- **Raw data**:
----------------

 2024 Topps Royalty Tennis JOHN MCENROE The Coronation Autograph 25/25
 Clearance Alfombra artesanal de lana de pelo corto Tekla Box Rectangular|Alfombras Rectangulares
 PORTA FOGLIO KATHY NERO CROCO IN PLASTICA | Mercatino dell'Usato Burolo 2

----------------

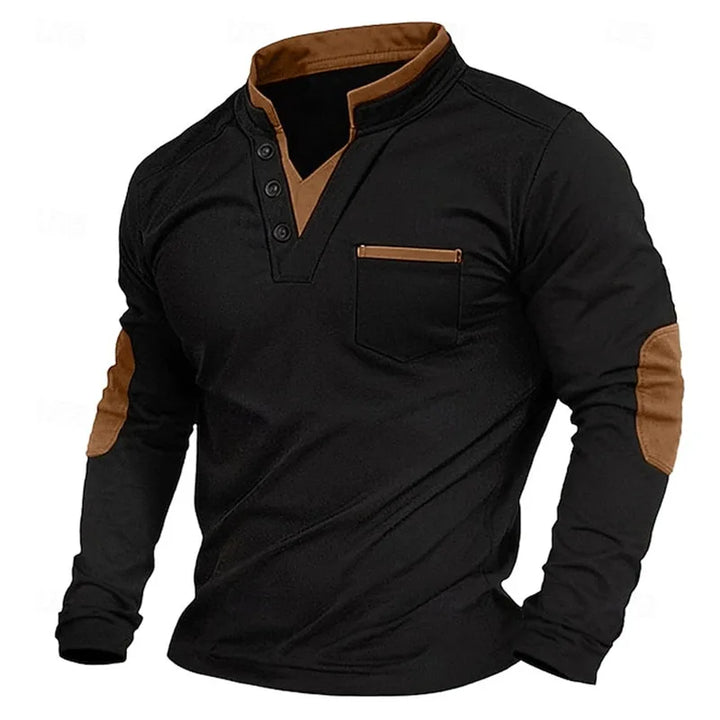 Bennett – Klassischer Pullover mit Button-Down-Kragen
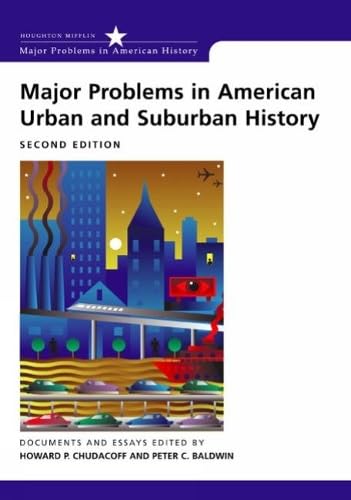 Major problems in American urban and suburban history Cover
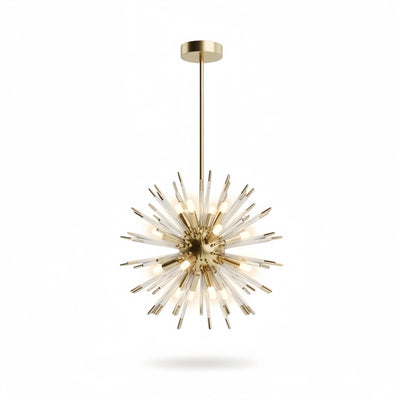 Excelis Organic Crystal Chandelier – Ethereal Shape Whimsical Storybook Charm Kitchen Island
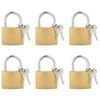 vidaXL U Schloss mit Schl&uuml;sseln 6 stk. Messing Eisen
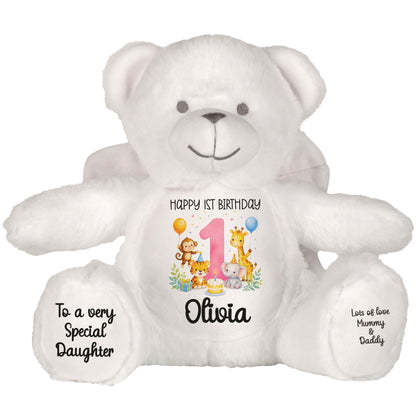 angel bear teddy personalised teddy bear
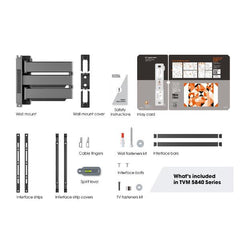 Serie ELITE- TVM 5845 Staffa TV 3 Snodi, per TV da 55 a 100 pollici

----------------

- **Exercise**: Scan the entries above for the line containing "Clearance Alfombra artesanal", and copy it and all lines after it exactly, down to and including the line containing "PORTA FOGLIO KATHY".

- **Response to this exercise**:
 Clearance Alfombra artesanal de lana de pelo corto Tekla Box Rectangular|Alfombras Rectangulares
 PORTA FOGLIO KATHY NERO CROCO IN PLASTICA | Mercatino dell'Usato Burolo 2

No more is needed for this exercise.